Las puertas del piso ejecutivo se abrieron con un sonido metálico y cortante. Era lunes, y el ambiente ya estaba cargado de tensión. Las secretarias murmuraban entre sí mientras los pasos secos y firmes de Adrien Moreau resonaban sobre el mármol negro. Iba vestido como siempre: traje oscuro, camisa gris perfectamente planchada y una corbata que parecía gritar autoridad. Su expresión era tan rígida como la mandíbula que apretaba cada vez que alguien cometía un error. Y todos, tarde o temprano, lo hacían.
—¿Dónde está el nuevo asistente? —preguntó sin detenerse, sin mirar a nadie.

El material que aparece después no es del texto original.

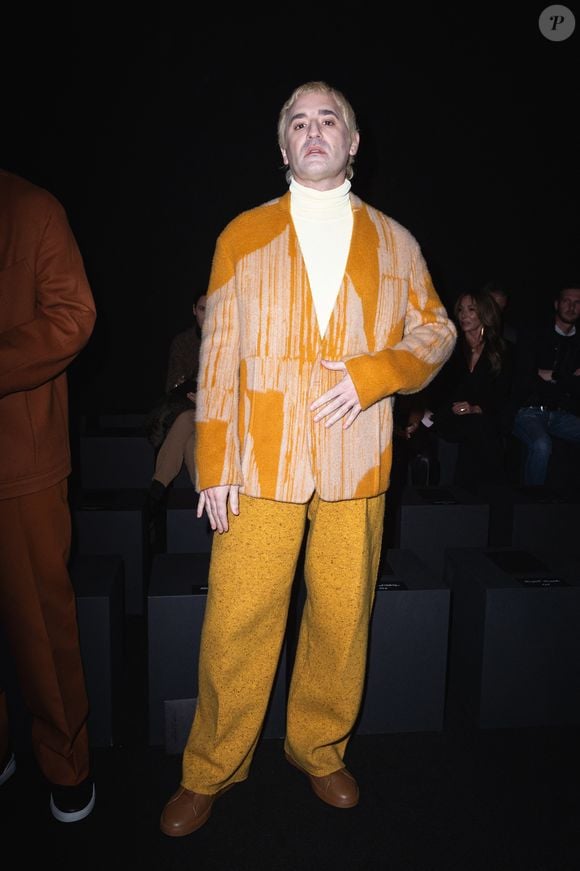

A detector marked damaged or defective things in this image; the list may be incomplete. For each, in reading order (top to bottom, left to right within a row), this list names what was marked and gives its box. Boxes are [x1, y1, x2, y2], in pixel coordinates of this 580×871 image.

rust suit jacket [0, 170, 96, 498]
rust suit jacket [196, 191, 458, 504]
rust suit trousers [0, 480, 90, 788] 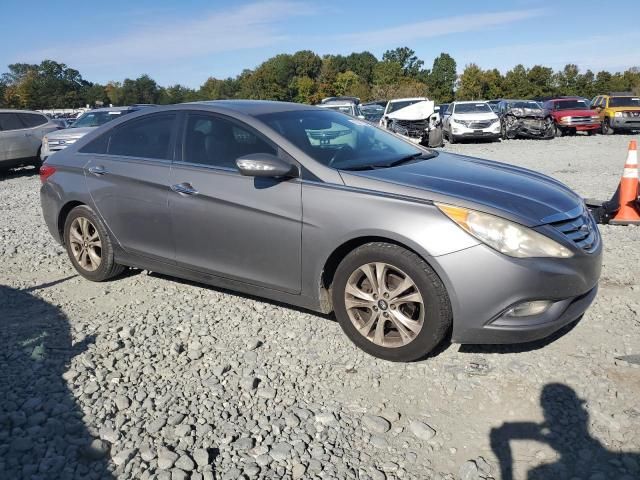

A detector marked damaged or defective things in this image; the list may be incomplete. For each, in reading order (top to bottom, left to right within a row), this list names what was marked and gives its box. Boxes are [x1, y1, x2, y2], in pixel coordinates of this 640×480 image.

damaged car [378, 98, 442, 147]
damaged car [496, 100, 556, 140] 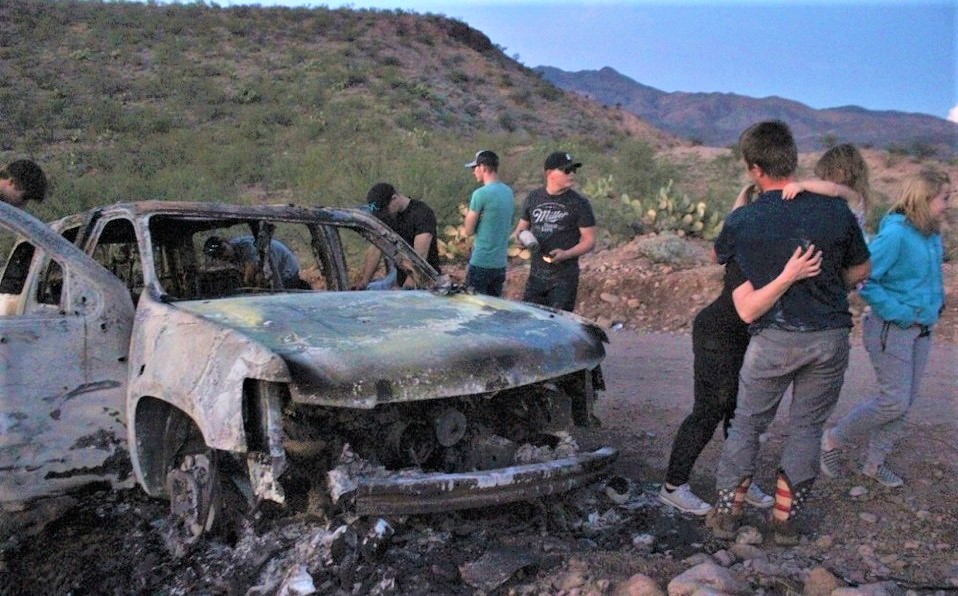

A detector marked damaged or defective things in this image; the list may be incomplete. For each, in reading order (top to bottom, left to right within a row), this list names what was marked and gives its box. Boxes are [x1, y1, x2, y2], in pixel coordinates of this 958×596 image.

burned car [0, 200, 616, 544]
burned second vehicle [0, 200, 616, 544]
burnt car hood [176, 292, 604, 408]
charred metal panel [176, 292, 604, 408]
burnt front bumper [356, 448, 620, 516]
charred metal panel [356, 450, 620, 516] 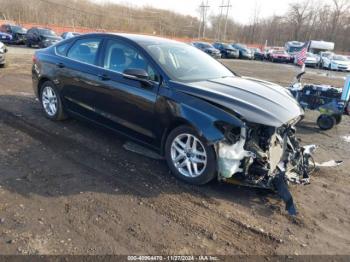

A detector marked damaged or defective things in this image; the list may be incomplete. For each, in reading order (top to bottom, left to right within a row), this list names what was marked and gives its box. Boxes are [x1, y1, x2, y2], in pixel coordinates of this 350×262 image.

parked damaged car [33, 33, 318, 215]
crumpled hood [172, 75, 304, 127] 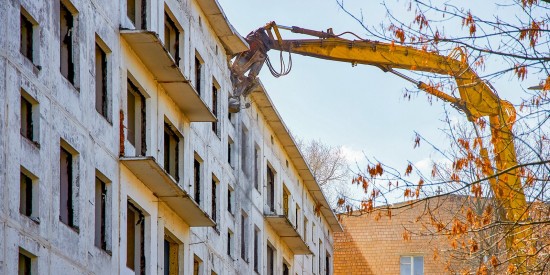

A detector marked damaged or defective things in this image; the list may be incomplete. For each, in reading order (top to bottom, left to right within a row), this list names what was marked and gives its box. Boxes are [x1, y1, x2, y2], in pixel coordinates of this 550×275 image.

broken window [59, 2, 75, 84]
broken window [127, 0, 147, 29]
broken window [164, 10, 181, 64]
broken window [59, 147, 75, 229]
broken window [126, 80, 147, 156]
broken window [164, 122, 181, 182]
broken window [18, 251, 34, 275]
broken window [126, 202, 146, 274] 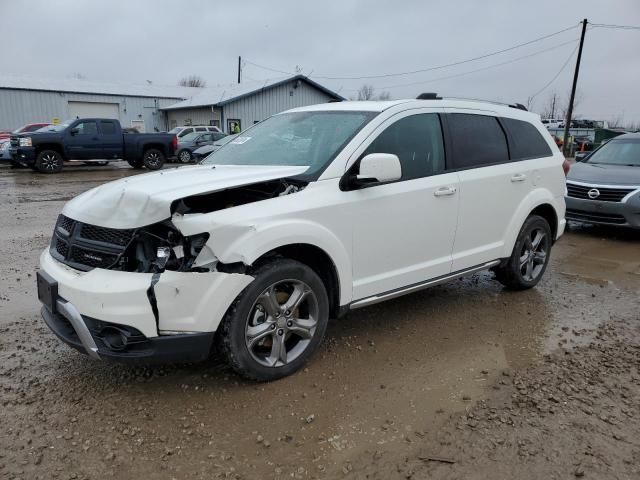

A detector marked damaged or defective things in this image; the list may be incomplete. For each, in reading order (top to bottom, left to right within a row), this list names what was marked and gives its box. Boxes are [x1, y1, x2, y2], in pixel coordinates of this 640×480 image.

bent hood [62, 165, 308, 229]
damaged white suv [37, 97, 564, 380]
bent hood [568, 160, 640, 185]
crumpled front bumper [36, 249, 254, 362] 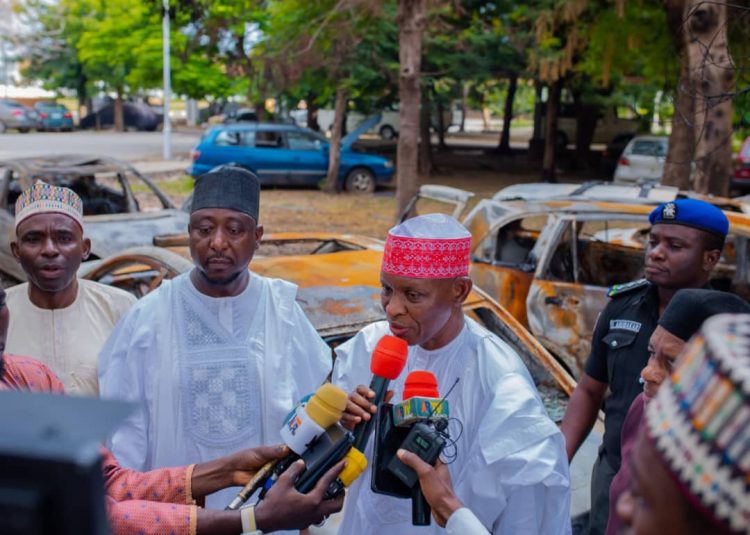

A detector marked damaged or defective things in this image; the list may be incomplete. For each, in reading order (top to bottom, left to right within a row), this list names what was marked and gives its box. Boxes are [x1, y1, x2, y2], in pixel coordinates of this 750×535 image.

—En su oficina, señor Moreau —respondió una secretaria con unos nervios apenas perceptibles.
Adrien no contestó. Entró a su despacho, un salón frío, minimalista, lleno de cristales y acero, donde todo olía a control. Y ahí estaba, sentado frente al computador, un joven de piel muy blanca, delgado pero definido, con cabello castaño oscuro, perfectamente peinado pero a su vez desordenado, y una camisa que apenas disimulaba lo ajustado de su cuerpo. Tenía una expresión serena, pero sus ojos verdes dejaban ver una ansiedad que intentaba ocultar.

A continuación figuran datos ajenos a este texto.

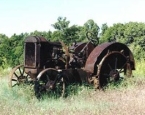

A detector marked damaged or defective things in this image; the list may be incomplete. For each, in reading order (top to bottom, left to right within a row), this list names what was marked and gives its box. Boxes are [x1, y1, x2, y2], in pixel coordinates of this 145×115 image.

rusty old tractor [8, 33, 135, 98] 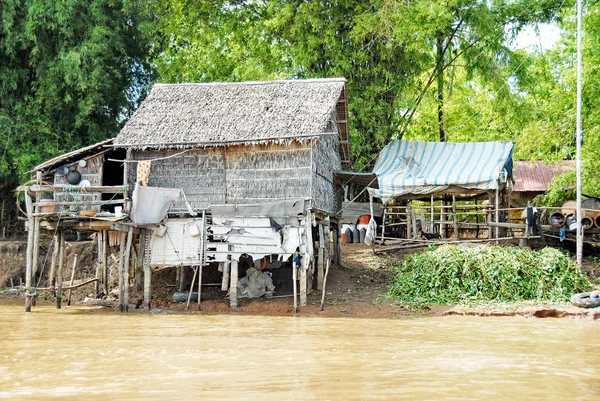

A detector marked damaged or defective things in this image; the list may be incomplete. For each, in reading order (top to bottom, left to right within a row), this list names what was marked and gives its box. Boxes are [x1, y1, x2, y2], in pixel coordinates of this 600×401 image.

rusty metal roof [508, 159, 576, 192] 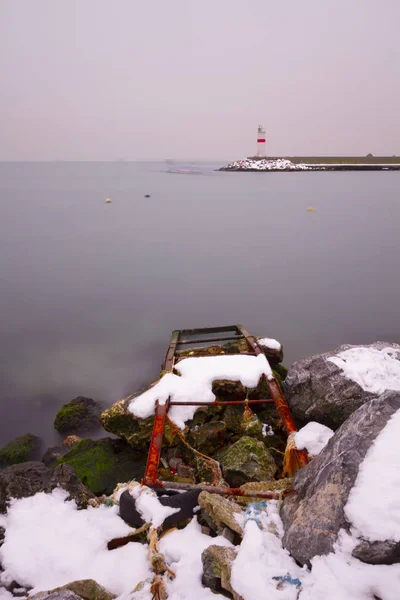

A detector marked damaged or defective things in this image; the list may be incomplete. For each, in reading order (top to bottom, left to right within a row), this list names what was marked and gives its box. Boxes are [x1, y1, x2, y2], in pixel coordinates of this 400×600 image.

rusty metal frame [144, 326, 310, 490] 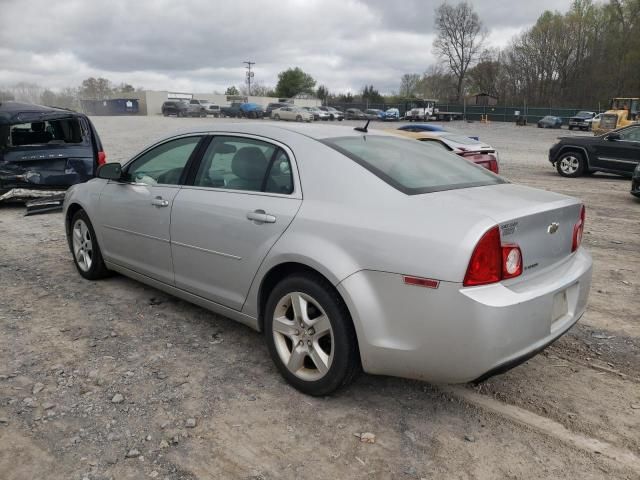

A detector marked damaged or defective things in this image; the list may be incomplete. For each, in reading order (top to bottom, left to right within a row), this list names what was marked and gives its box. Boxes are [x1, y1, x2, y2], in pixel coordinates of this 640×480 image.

damaged vehicle [0, 101, 105, 204] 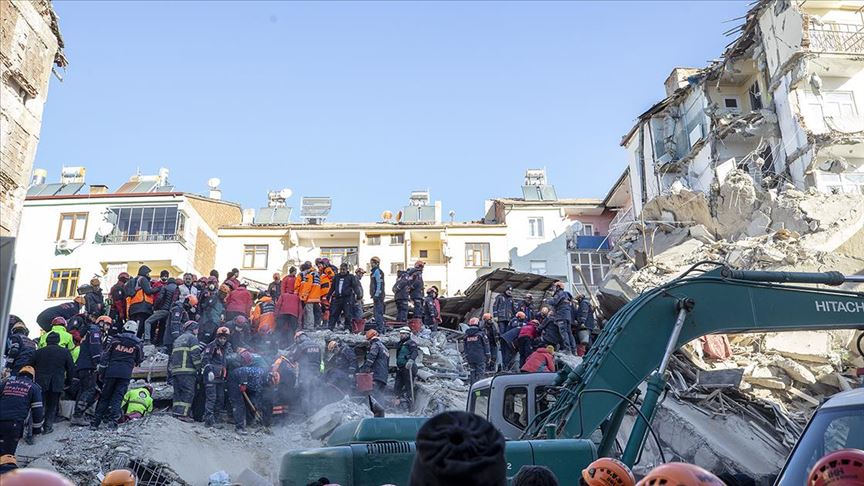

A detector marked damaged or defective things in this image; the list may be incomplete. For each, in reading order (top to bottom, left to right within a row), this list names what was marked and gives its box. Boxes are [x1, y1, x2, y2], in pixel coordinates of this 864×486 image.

shattered wall [0, 0, 64, 236]
damaged apartment building [624, 0, 860, 220] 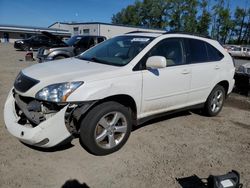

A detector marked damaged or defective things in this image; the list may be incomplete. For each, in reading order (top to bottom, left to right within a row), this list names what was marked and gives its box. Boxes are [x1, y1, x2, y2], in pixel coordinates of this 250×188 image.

damaged front bumper [3, 90, 72, 148]
broken headlight [35, 81, 83, 102] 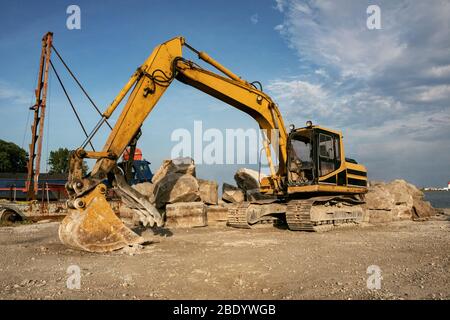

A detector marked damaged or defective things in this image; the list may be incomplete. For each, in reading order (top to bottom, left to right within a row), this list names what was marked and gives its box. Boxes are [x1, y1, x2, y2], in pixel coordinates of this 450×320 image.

rusty metal pole [26, 31, 53, 200] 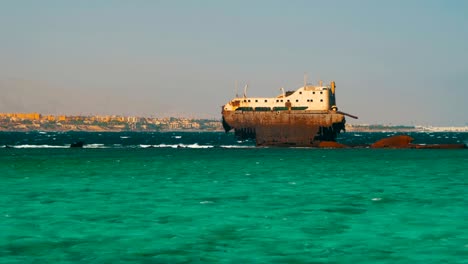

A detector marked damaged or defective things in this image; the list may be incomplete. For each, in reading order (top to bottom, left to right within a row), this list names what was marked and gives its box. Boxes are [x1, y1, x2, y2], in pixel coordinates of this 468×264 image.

rusty shipwreck [221, 80, 356, 146]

—Así que tú eres Elías —dijo Adrien sin saludar, cerrando la puerta tras de sí.
Elías se puso de pie de inmediato.
—Sí, señor Moreau. Es un honor formar parte de su equipo —respondió con voz firme, aunque por dentro temblaba.
Adrien lo observó en silencio.
—No me gustan los errores. No tolero retrasos. No me repitas nada dos veces, y jamás te atrevas a cuestionarme —espetó, deteniéndose justo detrás de Elías—. ¿Está claro?
—Sí, señor.
—Bien. Porque no estás aquí por tu currículum. Estás aquí porque a alguien le debes favores, ¿no es así?
Elías tragó saliva. Sabía que estaba muy capacitado para el puesto, pero no podía negar que su entrada tuvo influencia y recomendación de terceros. Por eso mismo se iba a dedicar a demostrar en carne viva lo apto y calificado que estaba para ese puesto. Adrien no sabía nada, pero lo decía como si lo supiera todo.
—Estoy aquí para trabajar, señor.
Adrien solo movio los labios, una mueca irónica que no alcanzó sus ojos.
—Veremos cuánto duras.
Esa misma mañana, Adrien no dejó de darle órdenes: que le organizara el escritorio, que revisara contratos antiguos, que le trajera café, aunque ya había una asistente para eso. Prácticamente le pedía cosas sin darle una inducción previa. Era como si buscara un motivo para quebrarlo. Pero Elías, con la mandíbula apretada, cumplía con cada orden. Lo hacía en silencio. Lo hacía bien. Se tenía que ganar el respeto, aunque pronto se daría cuenta de que fue su peor decisión.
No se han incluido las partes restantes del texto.